Exercise details> What you produce should match the records exactly, line for line.

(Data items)
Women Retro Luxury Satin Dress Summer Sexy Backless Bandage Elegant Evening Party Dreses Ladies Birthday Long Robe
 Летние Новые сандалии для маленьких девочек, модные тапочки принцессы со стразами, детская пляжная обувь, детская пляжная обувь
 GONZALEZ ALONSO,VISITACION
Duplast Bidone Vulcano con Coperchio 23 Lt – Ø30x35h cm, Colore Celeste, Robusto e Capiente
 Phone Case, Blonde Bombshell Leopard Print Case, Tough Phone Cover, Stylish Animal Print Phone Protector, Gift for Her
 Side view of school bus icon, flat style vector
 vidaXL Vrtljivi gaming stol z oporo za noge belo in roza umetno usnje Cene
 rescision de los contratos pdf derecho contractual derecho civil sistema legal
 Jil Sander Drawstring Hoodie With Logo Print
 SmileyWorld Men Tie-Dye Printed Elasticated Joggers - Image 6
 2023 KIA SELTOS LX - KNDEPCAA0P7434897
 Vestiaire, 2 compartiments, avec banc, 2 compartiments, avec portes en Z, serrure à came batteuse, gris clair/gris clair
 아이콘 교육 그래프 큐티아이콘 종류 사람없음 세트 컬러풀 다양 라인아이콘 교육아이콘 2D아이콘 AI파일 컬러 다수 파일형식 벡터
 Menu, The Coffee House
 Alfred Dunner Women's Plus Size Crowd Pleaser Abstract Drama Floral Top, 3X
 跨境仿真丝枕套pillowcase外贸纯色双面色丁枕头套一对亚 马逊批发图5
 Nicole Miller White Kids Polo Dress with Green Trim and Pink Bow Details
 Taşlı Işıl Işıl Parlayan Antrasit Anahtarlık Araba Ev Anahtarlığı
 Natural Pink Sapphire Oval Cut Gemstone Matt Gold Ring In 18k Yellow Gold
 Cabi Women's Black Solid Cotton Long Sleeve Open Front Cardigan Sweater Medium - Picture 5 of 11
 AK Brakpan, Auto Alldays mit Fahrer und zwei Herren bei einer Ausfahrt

Response to the task>
Women Retro Luxury Satin Dress Summer Sexy Backless Bandage Elegant Evening Party Dreses Ladies Birthday Long Robe
 Летние Новые сандалии для маленьких девочек, модные тапочки принцессы со стразами, детская пляжная обувь, детская пляжная обувь
 GONZALEZ ALONSO,VISITACION
Duplast Bidone Vulcano con Coperchio 23 Lt – Ø30x35h cm, Colore Celeste, Robusto e Capiente
 Phone Case, Blonde Bombshell Leopard Print Case, Tough Phone Cover, Stylish Animal Print Phone Protector, Gift for Her
 Side view of school bus icon, flat style vector
 vidaXL Vrtljivi gaming stol z oporo za noge belo in roza umetno usnje Cene
 rescision de los contratos pdf derecho contractual derecho civil sistema legal
 Jil Sander Drawstring Hoodie With Logo Print
 SmileyWorld Men Tie-Dye Printed Elasticated Joggers - Image 6
 2023 KIA SELTOS LX - KNDEPCAA0P7434897
 Vestiaire, 2 compartiments, avec banc, 2 compartiments, avec portes en Z, serrure à came batteuse, gris clair/gris clair
 아이콘 교육 그래프 큐티아이콘 종류 사람없음 세트 컬러풀 다양 라인아이콘 교육아이콘 2D아이콘 AI파일 컬러 다수 파일형식 벡터
 Menu, The Coffee House
 Alfred Dunner Women's Plus Size Crowd Pleaser Abstract Drama Floral Top, 3X
 跨境仿真丝枕套pillowcase外贸纯色双面色丁枕头套一对亚 马逊批发图5
 Nicole Miller White Kids Polo Dress with Green Trim and Pink Bow Details
 Taşlı Işıl Işıl Parlayan Antrasit Anahtarlık Araba Ev Anahtarlığı
 Natural Pink Sapphire Oval Cut Gemstone Matt Gold Ring In 18k Yellow Gold
 Cabi Women's Black Solid Cotton Long Sleeve Open Front Cardigan Sweater Medium - Picture 5 of 11
 AK Brakpan, Auto Alldays mit Fahrer und zwei Herren bei einer Ausfahrt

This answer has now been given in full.